November 14, 2022

Proposal Would Include Fugitive Emissions in All NSR Major Modification Determinations

On October 14, 2022, EPA proposed revisions to the new source review (NSR) program related to fugitive emissions and major modifications. [87 FR 62323] The rule would make two specific changes. First, all existing major sources would be required to count fugitive emissions when determining whether a change or project at the source would be considered a major modification. Second, all sources would be required to count fugitive emissions when determining whether a modification by itself constitutes a major source. Under a deadline extension, comments may be submitted through February 14, 2022 via Docket ID No. EPA-HQ-OAR-2004-0014. [87 FR 68119]
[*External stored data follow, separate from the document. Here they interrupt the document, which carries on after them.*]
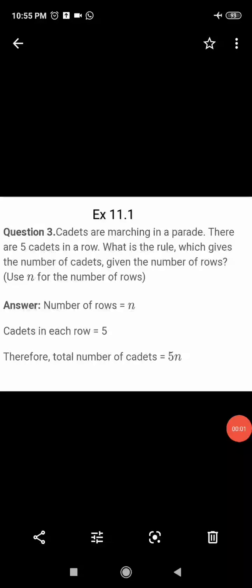Hello students, today we will solve question number 3 of exercise 11.1. The question is: cadets are marching in a parade. There are 5 cadets in a row. What is the rule which gives the number of cadets given the number of rows?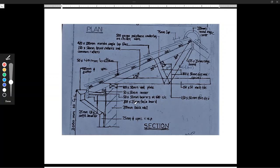And then we have 200 by 50 by 25 millimeter fascia board here. And then we have 200 millimeters thick wall. We have 25 millimeters TNG soffit boards. And then we have 150 by 50 millimeters binder. So that is how our roof looks like.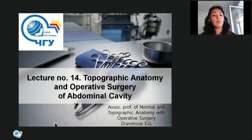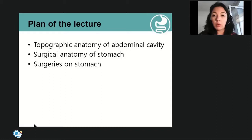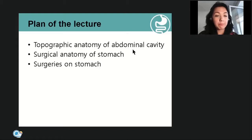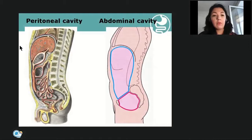Good morning. Today our lecture will be dedicated to topographic anatomy and operative surgery of the abdominal cavity. We will mainly concentrate on surgeries on the stomach, since the previous lecture covered surgeries on the intestines. We will first revise topographic anatomy of the abdominal cavity, then discuss surgical anatomy of the stomach, and finally dedicate most of our time to surgeries on the stomach.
Fugitive emissions are those emissions which could not reasonably pass through a stack, chimney, vent, or other functionally equivalent opening. When making an NSR major source determination, a source does not include fugitive emissions unless it belongs to one of 28 listed source categories (e.g., iron and steel mills, petroleum refineries) referenced in §52.21(b)(1)(iii). Similarly, a 1980 rule exempted sources not on the list of 28 from including fugitives when determining whether a modification would be considered 1) a major source by itself, or 2) a major modification (which is not the same thing).

This fugitive emissions exemption for modifications has been subject to substantial litigation over the previous four decades, and EPA proposes to remove it completely, along with parallel language found in Part 51. If finalized, fugitive emissions still may be excluded by non-28-listed sources when making a major source determinations. However, those same sources must include fugitive emissions when evaluating modifications to determine if they are major sources by themselves or major modifications. Fugitive emissions already must be included when conducting BACT and ambient air analyses.

Given the past legal challenges, the agency believes the proposal would eliminate the uncertainty surrounding fugitive emissions within the context of major modification determinations. Additionally, EPA noted the impact on regulated sources would be limited as the proposal affects only non-28-listed existing major sources. If finalized, the rule would eliminate an exemption, and any state implementation plans (SIPs) containing these fugitive emissions exemptions would become less stringent than the required minimum program elements and thus require revision. If EPA determines SIP revisions are necessary, states would be required to submit those revisions within three years of the final rule’s effective date. [87 FR 62334-5] A fact sheet summarizing the proposal and background information is also available.